*MATERIAL PROVIDED:*
*** Block opens ***
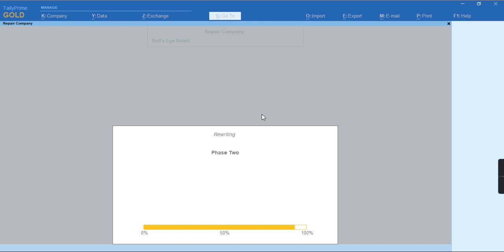As you can see, more than 90% of data rewriting or repair is getting completed. Once this phase 2 gets completed, it will start phase 3.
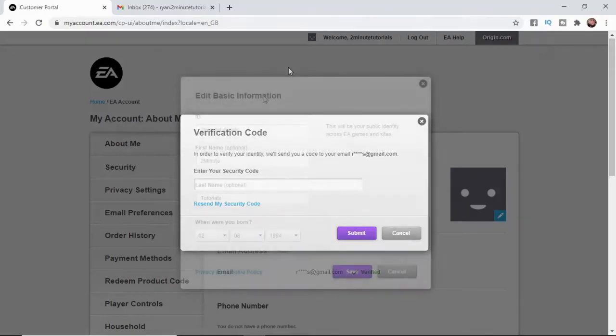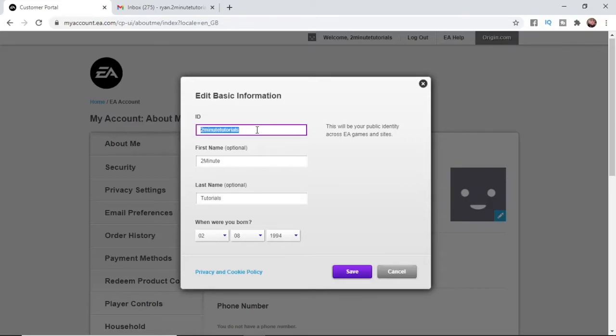Once you put in your security code, you'll be presented with this little pop-up here. As you can see at the top, there's an option for your ID. All you need to do is literally go ahead, change it to whatever you want, and then click on save right down there at the bottom.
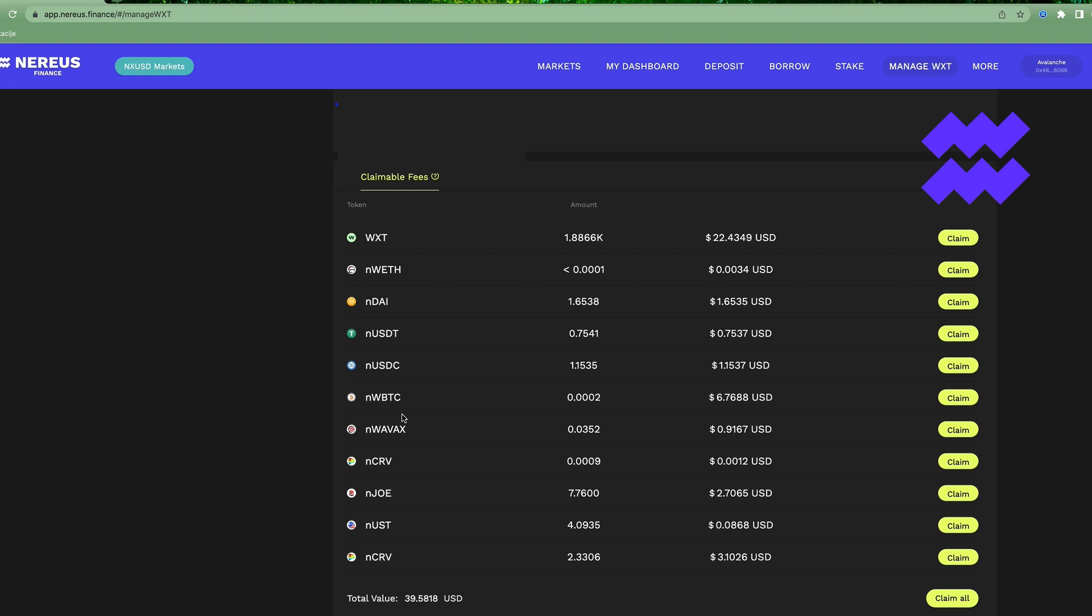So I'm gonna show you the whole procedure, it's pretty easy. First, you gotta be here in Manage VXT where you've got these rewards. The first thing you gotta do is claim. So we will take this NVBTC now.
*** Block closes ***
*PROBLEM DESCRIPTION:* Reproduce the lines above letter for letter. The pictures stay behind.

*ANSWER SPACE:*
As you can see, more than 90% of data rewriting or repair is getting completed. Once this phase 2 gets completed, it will start phase 3.
Once you put in your security code, you'll be presented with this little pop-up here. As you can see at the top, there's an option for your ID. All you need to do is literally go ahead, change it to whatever you want, and then click on save right down there at the bottom.
So I'm gonna show you the whole procedure, it's pretty easy. First, you gotta be here in Manage VXT where you've got these rewards. The first thing you gotta do is claim. So we will take this NVBTC now.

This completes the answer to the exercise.